• **Problem requirements**: For the listing below, output exactly the lines from the line with "2011-john-deere-4630-image-16" up to and including the line with "Disputa de bola", and no other lines.

• **Input for this task**:
══════

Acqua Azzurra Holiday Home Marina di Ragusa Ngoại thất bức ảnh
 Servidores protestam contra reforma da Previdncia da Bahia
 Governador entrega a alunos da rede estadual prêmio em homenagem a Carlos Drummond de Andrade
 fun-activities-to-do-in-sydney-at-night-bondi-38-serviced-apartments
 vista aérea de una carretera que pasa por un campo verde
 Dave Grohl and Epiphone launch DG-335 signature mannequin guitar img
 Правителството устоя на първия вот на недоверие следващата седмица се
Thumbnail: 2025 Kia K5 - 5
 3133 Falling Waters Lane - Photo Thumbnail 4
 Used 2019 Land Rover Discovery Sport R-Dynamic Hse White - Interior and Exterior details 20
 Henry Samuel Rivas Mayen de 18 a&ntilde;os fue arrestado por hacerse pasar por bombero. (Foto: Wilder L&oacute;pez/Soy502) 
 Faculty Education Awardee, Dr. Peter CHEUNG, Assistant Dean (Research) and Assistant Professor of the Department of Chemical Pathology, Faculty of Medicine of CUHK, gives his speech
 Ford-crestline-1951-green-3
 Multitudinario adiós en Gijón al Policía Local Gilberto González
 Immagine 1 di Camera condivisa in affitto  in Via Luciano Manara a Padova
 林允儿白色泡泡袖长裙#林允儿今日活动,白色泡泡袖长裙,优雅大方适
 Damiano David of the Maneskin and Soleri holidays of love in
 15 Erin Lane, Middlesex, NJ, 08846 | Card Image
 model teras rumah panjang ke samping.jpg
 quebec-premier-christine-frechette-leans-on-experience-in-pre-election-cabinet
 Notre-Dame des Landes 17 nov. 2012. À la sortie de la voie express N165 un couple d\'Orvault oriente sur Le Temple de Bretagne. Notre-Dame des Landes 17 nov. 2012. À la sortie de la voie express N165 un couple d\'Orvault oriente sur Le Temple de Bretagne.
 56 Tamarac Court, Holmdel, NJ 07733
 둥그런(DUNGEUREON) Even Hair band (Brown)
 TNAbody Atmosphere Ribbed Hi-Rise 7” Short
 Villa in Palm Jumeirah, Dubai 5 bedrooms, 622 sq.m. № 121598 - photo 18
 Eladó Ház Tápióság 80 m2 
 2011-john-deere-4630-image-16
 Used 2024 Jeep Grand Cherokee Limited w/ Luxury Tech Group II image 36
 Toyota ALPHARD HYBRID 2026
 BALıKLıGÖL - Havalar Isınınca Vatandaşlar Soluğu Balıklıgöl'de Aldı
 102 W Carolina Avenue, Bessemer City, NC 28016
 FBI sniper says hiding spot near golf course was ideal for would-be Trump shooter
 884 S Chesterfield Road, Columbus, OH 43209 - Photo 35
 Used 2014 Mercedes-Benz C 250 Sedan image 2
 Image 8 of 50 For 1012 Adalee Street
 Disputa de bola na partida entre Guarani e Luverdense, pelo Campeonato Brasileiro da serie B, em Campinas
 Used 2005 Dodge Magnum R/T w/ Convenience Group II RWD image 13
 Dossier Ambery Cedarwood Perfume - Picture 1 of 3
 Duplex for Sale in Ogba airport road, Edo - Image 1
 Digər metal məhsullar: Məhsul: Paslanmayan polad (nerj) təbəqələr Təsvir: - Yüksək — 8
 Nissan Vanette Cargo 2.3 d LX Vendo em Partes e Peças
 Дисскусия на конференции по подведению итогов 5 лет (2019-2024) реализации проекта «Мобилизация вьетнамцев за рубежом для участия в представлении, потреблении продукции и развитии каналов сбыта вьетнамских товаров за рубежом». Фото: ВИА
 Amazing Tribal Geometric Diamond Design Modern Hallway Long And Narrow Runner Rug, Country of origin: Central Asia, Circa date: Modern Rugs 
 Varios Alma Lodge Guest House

══════

• **Task output**:
 2011-john-deere-4630-image-16
 Used 2024 Jeep Grand Cherokee Limited w/ Luxury Tech Group II image 36
 Toyota ALPHARD HYBRID 2026
 BALıKLıGÖL - Havalar Isınınca Vatandaşlar Soluğu Balıklıgöl'de Aldı
 102 W Carolina Avenue, Bessemer City, NC 28016
 FBI sniper says hiding spot near golf course was ideal for would-be Trump shooter
 884 S Chesterfield Road, Columbus, OH 43209 - Photo 35
 Used 2014 Mercedes-Benz C 250 Sedan image 2
 Image 8 of 50 For 1012 Adalee Street
 Disputa de bola na partida entre Guarani e Luverdense, pelo Campeonato Brasileiro da serie B, em Campinas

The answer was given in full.